ある強い力の作用によって、世界は共通化へ収束しつつある。その力とは、テクノロジーである。それは、通信、輸送、旅行を、誰にでも手がるに利用できるものにした。辺境な場所、貧困にあえぐ人びとまでも、近代文化の魅力が求められるようになった。いたるところのほとんどすべての人が、新しいテクノロジーによって、耳にし、目にし、経験するすべてのものを欲求するようになった。
その結果、商売の世界が新しく変わった――以前には想像もできなかったほどの巨大な、標準化された消費財の地球市場が出現したのである。この新しい市場の変化に対応できる企業は、生産、流通、マーケティング、経営の面で、おそろしいくらいの規模の経済性の恩典に浴することができる。この恩典を利用して世界中の価格を引き下げるとしたら、旧来の世界市場に関する仮説にしがみついて何もなしえないでいる競争相手をつぎつぎ薙ぎ倒すこともできるだろう。

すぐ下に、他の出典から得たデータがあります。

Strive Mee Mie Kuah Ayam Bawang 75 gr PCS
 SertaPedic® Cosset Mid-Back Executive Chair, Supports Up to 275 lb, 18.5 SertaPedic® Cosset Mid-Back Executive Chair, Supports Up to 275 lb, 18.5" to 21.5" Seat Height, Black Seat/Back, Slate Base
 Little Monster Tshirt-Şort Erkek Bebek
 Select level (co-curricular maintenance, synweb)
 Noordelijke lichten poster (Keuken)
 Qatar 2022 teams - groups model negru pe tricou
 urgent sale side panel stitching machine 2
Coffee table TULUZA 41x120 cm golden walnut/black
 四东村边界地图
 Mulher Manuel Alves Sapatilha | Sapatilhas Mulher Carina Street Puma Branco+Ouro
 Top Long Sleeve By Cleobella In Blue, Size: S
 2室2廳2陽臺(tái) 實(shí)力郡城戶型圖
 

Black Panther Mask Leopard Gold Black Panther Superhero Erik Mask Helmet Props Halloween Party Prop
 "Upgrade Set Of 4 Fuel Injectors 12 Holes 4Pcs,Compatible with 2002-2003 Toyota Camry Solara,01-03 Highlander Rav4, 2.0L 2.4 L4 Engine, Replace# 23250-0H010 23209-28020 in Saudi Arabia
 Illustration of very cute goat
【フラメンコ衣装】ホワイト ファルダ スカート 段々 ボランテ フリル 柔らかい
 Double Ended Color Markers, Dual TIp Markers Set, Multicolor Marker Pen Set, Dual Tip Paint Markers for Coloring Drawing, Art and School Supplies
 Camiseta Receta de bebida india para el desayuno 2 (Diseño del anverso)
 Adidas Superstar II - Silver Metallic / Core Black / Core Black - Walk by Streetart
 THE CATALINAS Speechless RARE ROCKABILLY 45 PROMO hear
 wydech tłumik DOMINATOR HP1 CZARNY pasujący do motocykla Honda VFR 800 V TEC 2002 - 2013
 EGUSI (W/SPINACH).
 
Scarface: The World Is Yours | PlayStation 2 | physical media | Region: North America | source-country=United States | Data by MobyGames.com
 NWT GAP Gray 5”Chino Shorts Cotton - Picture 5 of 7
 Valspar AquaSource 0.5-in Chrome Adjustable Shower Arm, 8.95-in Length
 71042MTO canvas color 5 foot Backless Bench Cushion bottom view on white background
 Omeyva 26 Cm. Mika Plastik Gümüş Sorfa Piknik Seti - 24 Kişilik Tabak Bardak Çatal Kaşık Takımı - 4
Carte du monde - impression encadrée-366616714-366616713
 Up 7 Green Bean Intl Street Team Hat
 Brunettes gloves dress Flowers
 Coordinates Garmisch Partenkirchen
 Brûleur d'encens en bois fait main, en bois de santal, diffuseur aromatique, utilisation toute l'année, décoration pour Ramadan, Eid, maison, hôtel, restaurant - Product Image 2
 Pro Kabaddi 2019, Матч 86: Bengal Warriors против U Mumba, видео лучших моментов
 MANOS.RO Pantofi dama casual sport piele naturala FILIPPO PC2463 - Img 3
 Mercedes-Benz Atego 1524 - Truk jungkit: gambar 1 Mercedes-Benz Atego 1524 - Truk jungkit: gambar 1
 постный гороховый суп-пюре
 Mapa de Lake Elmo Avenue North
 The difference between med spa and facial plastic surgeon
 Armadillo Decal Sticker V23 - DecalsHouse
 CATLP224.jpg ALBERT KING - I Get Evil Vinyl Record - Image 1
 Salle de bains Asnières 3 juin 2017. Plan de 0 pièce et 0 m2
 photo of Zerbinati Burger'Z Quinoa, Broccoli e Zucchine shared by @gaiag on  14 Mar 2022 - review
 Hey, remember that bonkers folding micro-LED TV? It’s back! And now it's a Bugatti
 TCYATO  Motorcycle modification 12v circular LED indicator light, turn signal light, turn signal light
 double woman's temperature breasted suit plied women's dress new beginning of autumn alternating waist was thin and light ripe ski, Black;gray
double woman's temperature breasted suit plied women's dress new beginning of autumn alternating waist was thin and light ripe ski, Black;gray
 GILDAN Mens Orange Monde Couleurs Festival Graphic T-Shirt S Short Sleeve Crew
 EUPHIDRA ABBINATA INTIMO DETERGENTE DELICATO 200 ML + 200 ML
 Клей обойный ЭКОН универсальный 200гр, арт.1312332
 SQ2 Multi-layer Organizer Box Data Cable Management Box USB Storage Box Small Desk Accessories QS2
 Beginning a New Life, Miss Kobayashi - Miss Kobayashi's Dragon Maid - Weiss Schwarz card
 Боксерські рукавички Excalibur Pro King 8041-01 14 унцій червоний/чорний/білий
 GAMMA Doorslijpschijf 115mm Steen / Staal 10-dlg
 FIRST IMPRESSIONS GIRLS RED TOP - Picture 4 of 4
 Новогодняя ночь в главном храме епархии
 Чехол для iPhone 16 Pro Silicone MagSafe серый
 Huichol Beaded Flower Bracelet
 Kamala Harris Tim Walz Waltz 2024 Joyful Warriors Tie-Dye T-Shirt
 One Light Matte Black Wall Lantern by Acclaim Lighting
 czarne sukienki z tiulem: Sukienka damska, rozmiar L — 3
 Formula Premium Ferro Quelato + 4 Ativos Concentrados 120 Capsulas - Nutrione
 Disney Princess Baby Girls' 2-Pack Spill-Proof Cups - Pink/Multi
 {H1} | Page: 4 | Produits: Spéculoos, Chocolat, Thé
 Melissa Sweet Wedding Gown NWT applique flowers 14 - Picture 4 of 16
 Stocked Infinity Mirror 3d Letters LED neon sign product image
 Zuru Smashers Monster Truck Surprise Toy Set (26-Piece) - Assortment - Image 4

国による、地域による選好の違いは、今や消滅した。会社は、自国より開発のおくれた外国市場へは、売れ残った昨年のモデル――あるいは自国用の製品よりも品質を落とした安物の売り込める時代は去った。また、外国市場では一般的に、自国よりも高い価格、高いマージン、高い利益の通用する時代は過ぎ去った。